> DIRECTIONS FOR THIS TASK
Copy each record exactly as it reads, leaving out any pictures it holds.

> Records from a collection
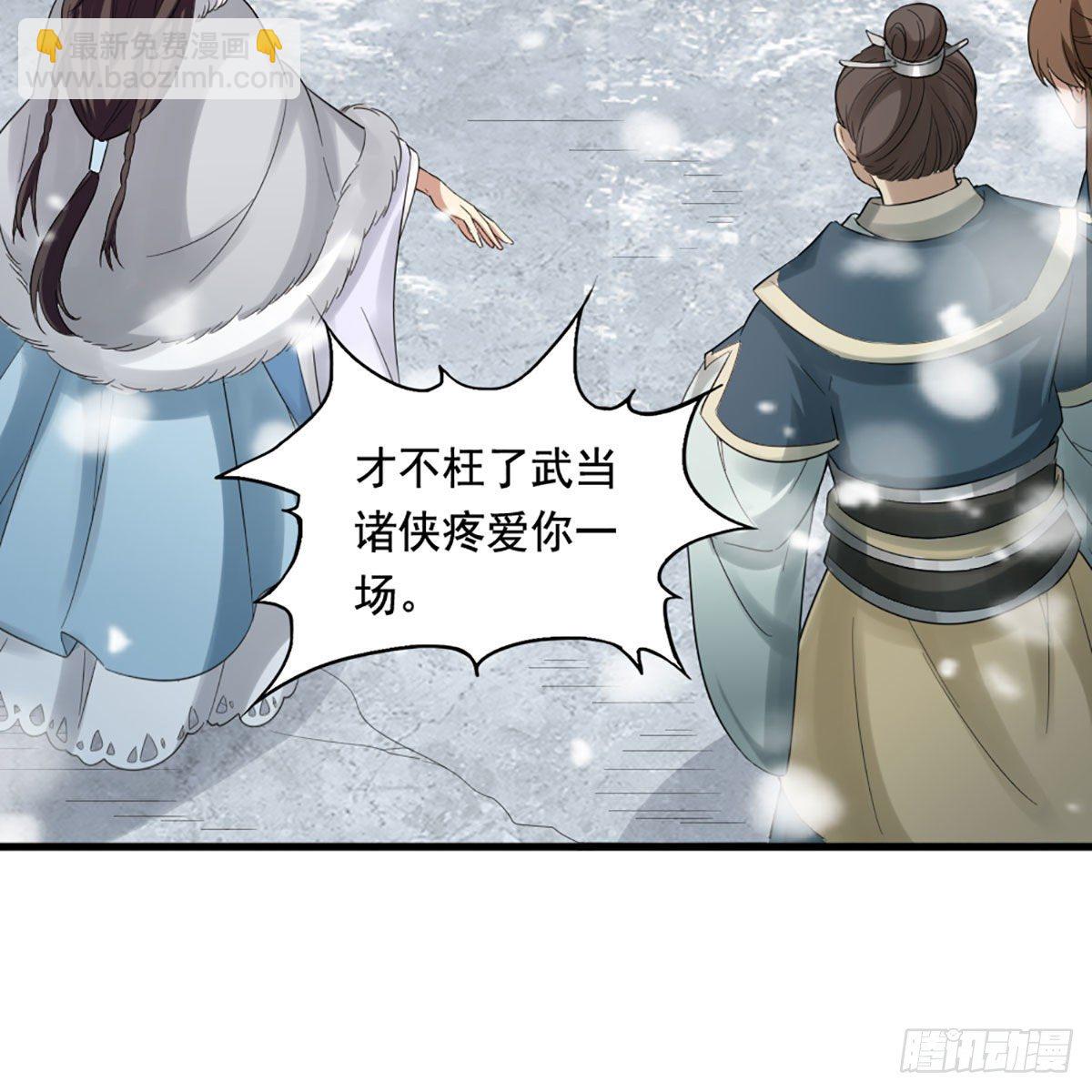 🍜倚天屠龙记 第二百三十三话 沉冤昭雪 第11页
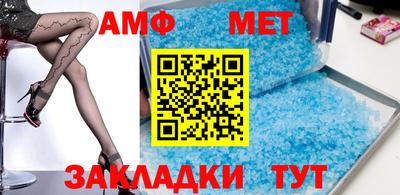 метадон Ирбит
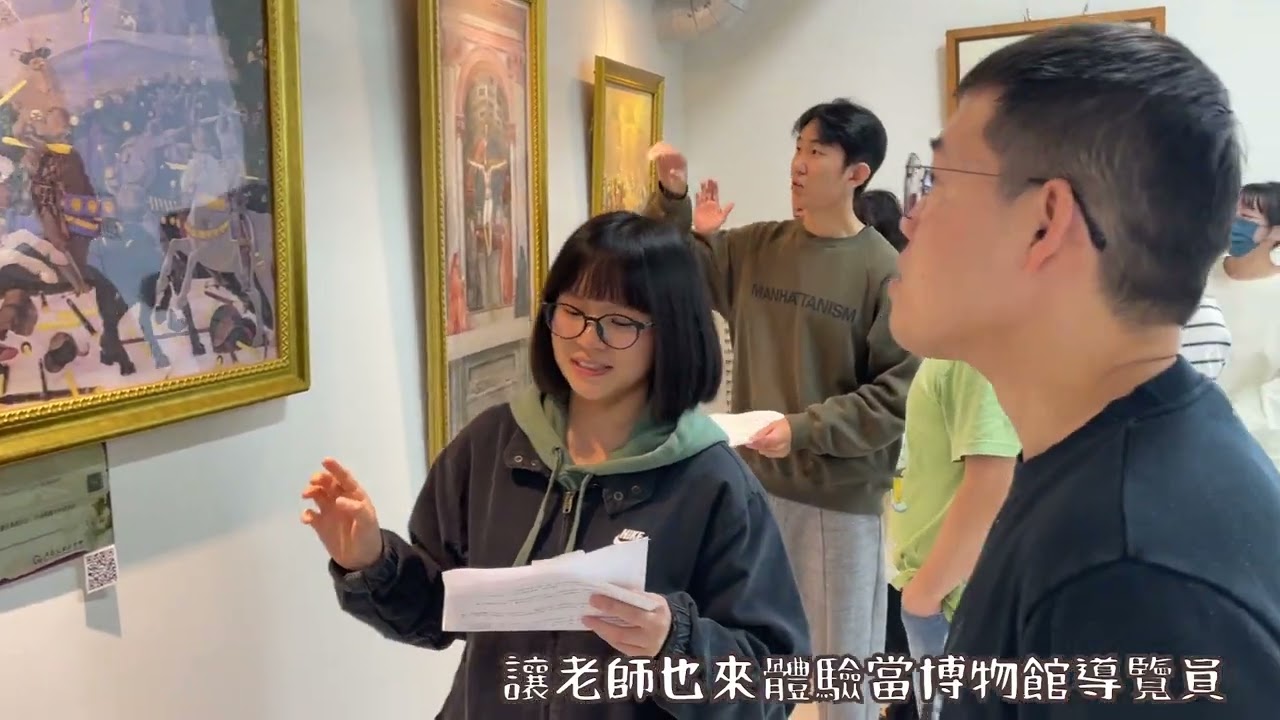 新北市中正國中_廣達游於藝文藝復興展覽丨最後的晚餐行動劇
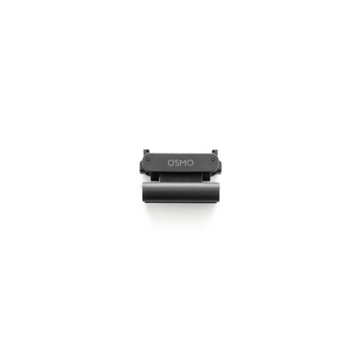 DJI OSMO NANO Standard Combo (64GB)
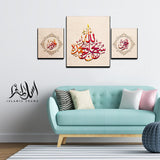 3PCS Islamic Wall Frame (IF-039)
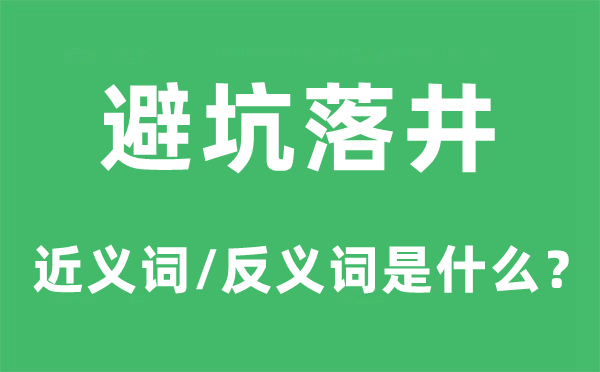 避坑落井的近義詞和反義詞是什么,避坑落井是什么意思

> ANSWER SPACE
 🍜倚天屠龙记 第二百三十三话 沉冤昭雪 第11页
 метадон Ирбит
 新北市中正國中_廣達游於藝文藝復興展覽丨最後的晚餐行動劇
 DJI OSMO NANO Standard Combo (64GB)
 3PCS Islamic Wall Frame (IF-039)
 避坑落井的近義詞和反義詞是什么,避坑落井是什么意思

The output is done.